The thing is, I am a fairly lenient person. If someone can't afford my book "Safe C++ Design Principles", then they need to e-mail me and propose a counter-offer. Writing Safe C++ code is something every college professor should be teaching and every student should be learning. Most of the problems today in software stem from the fact that only 1 out of every 1000 programmers actually has a clue on how to write software. The rest are copy-and-paste artists. While imitation is the best form of flattery just about anywhere else, it doesn't work when designing a software package.

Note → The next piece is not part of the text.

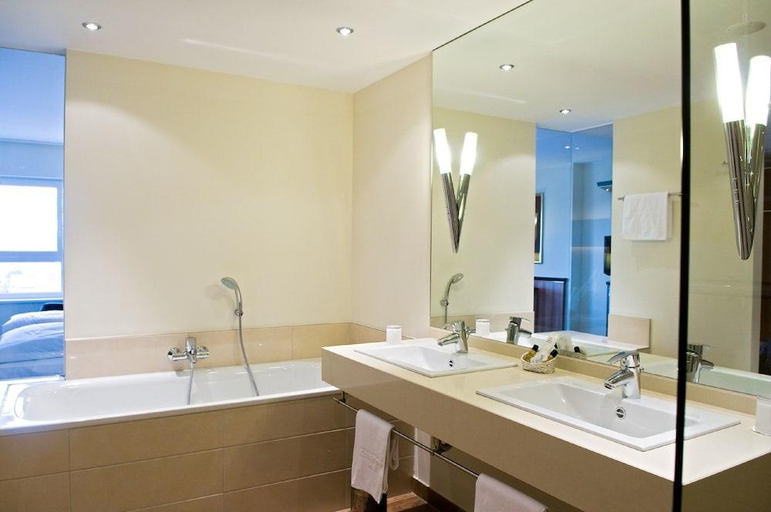 Bathroom 4, Ringhotel Katharinen Hof, Unna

Every C++ developer desperately needs my book. I don't know how to emphasize this except to put a $45 price tag on the book and keep telling programmers how simple their lives would be if they owned a copy. Programmers have their head stuck in how complex writing code is. I follow every concept presented in "Safe C++ Design Principles" and I find software design to be simple and straight-forward. Writing software in C++ is easy. The disbelief that writing C++ can be easy is what seems to drive people away from buying the book. But that's what the book does - it cuts through the, to use a technical term, "crap" of whatever you've learned and reveals the simplicity that can exist. And simple is beautiful. Simple, in this case, even offers powerful functionality.

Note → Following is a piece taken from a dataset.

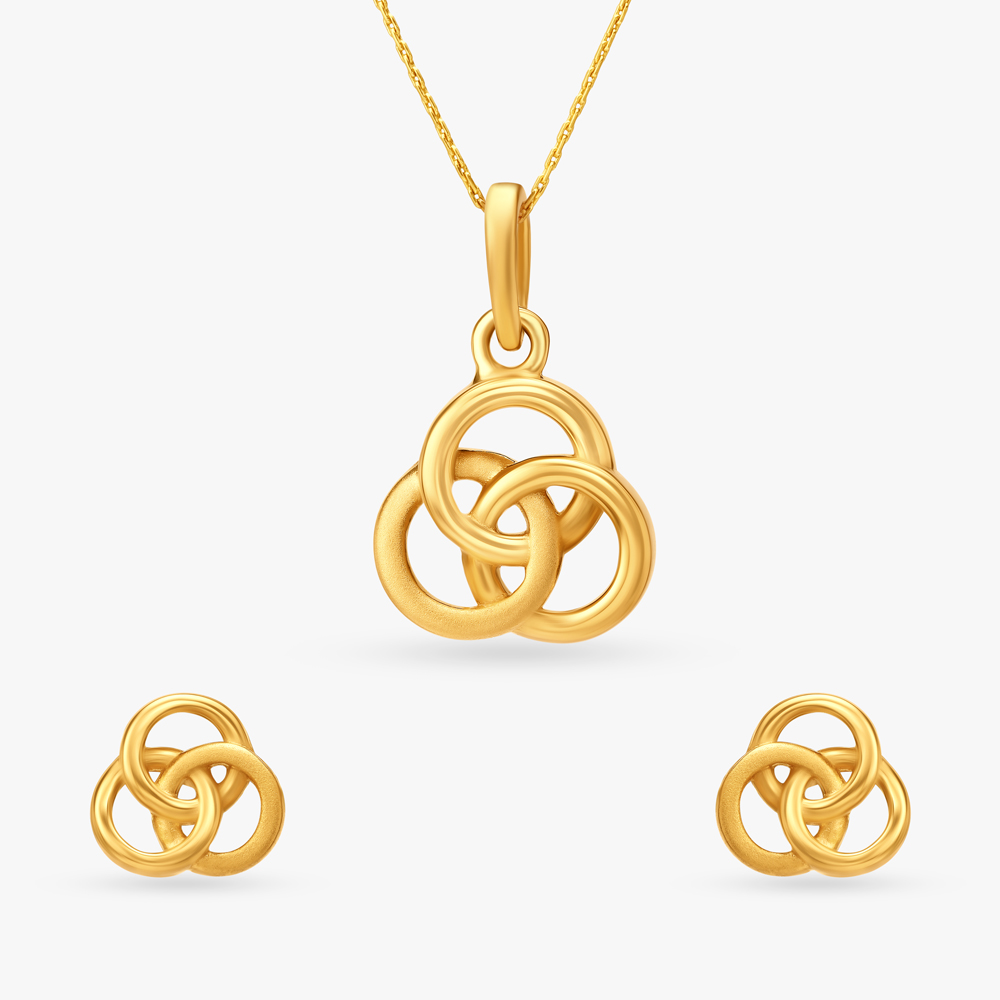

Entwined Circles Pendant with Earrings Set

And yet, people can't wrap their heads around the fact that the $45 price tag is simply there to put a mental level of importance. If the price were $20, that would cheapen the knowledge contained within to the level of a nickle-and-dime romance novel. Personally, I would pay $45 if I knew I could save myself 6-10 years of effort. Many of the principles found in the book are based on tidbits of knowledge that form part of my discoveries over the past 17 years of programming. Only in the past 4 years have I discovered what it means to be a software developer. And I pass that knowledge on to anyone willing to shell out a measly $45. In the grand scheme of things, $45 is nothing.